* DATA PROVIDED:

- - - - -

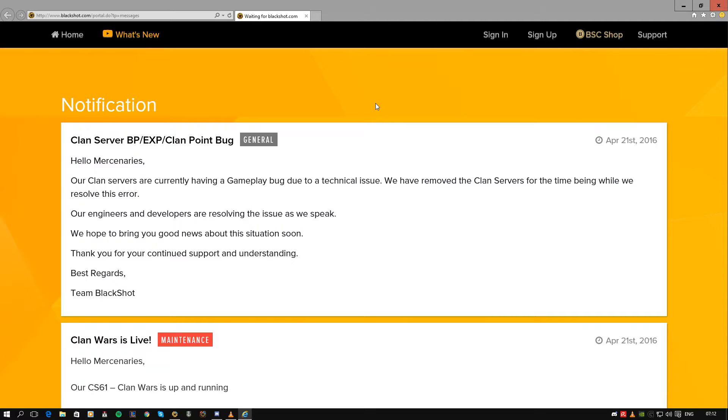So now they've told everybody about it because they've closed the clan servers. Yeah, people were able to get 50,000 experience and BP per match, basically every win in clan war.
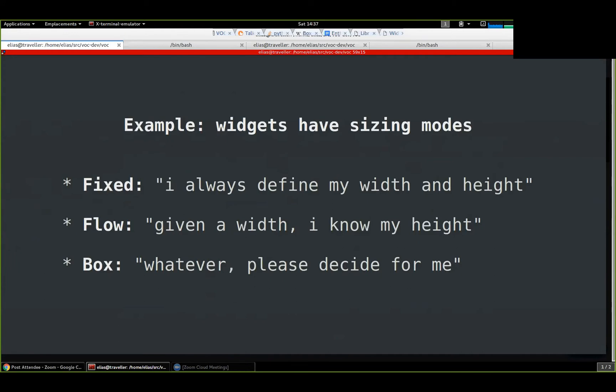This thing isn't fully abstracting everything, which means you still need to care that it's running in a terminal. The widgets have a sizing mode you need to be aware of. If a widget is in fixed sizing mode, it always has a defined width and height in characters. Others adapt with the vertical flow, and others don't care and let the container widgets handle it. So you do need to be aware of these things when writing this kind of code — it isn't fully abstract.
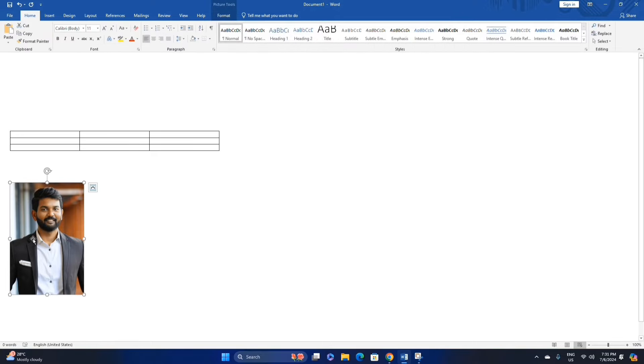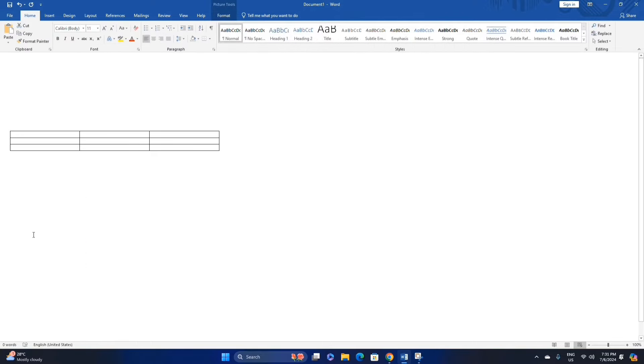Click the photo and press Ctrl X to cut. Click in the table and press Ctrl V to paste.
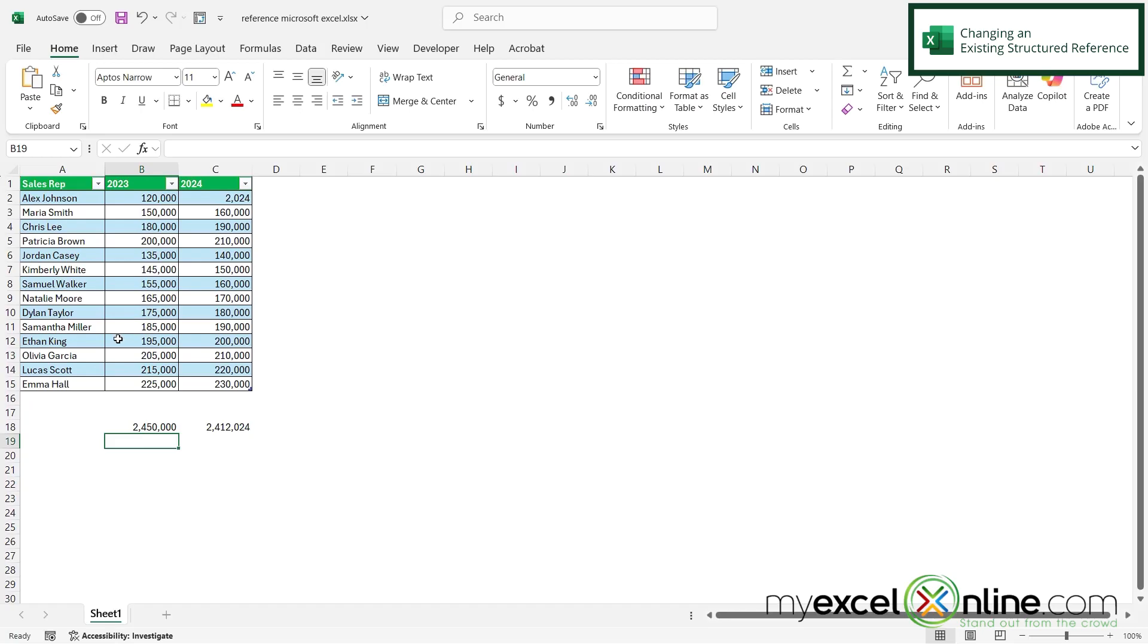So yes, you can still use the sum function with a specific range, but you can also use these structured references in order to refer to columns of a table. And you can do that throughout your entire workbook.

- - - - -

* TASK DESCRIPTION:
Reproduce the data above line for line, excluding every picture.

* OUTPUT FOR THIS EXERCISE:
So now they've told everybody about it because they've closed the clan servers. Yeah, people were able to get 50,000 experience and BP per match, basically every win in clan war.
This thing isn't fully abstracting everything, which means you still need to care that it's running in a terminal. The widgets have a sizing mode you need to be aware of. If a widget is in fixed sizing mode, it always has a defined width and height in characters. Others adapt with the vertical flow, and others don't care and let the container widgets handle it. So you do need to be aware of these things when writing this kind of code — it isn't fully abstract.
Click the photo and press Ctrl X to cut. Click in the table and press Ctrl V to paste.
So yes, you can still use the sum function with a specific range, but you can also use these structured references in order to refer to columns of a table. And you can do that throughout your entire workbook.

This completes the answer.